> _INSTRUCTIONS FOR THE TASK_
Using the material below, print the line that contains "털이 있는 발 코드 원본", the line that contains "Elegant Wine Red", and every line in between, exactly and nothing else.

> _PROVIDED DATA_
++++++++
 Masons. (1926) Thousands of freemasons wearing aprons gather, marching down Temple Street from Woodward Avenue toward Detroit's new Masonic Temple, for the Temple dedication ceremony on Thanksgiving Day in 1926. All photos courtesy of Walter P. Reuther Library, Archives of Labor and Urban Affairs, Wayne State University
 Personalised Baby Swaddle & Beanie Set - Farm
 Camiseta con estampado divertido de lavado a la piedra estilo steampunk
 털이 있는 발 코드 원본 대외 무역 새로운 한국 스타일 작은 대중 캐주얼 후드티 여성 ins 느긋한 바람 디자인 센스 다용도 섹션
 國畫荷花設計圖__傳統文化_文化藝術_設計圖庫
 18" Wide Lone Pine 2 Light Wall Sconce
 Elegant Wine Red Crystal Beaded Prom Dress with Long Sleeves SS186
++++++++
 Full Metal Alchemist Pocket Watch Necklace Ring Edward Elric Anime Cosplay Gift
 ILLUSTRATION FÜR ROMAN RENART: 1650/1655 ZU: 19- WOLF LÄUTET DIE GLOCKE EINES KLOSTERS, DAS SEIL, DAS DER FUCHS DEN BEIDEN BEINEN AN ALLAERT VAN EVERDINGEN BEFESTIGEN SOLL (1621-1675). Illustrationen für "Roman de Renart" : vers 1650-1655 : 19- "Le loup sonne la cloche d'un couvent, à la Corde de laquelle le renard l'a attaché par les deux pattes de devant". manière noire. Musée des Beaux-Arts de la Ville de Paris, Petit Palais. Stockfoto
++++++++
> _WRITTEN SOLUTION_
 털이 있는 발 코드 원본 대외 무역 새로운 한국 스타일 작은 대중 캐주얼 후드티 여성 ins 느긋한 바람 디자인 센스 다용도 섹션
 國畫荷花設計圖__傳統文化_文化藝術_設計圖庫
 18" Wide Lone Pine 2 Light Wall Sconce
 Elegant Wine Red Crystal Beaded Prom Dress with Long Sleeves SS186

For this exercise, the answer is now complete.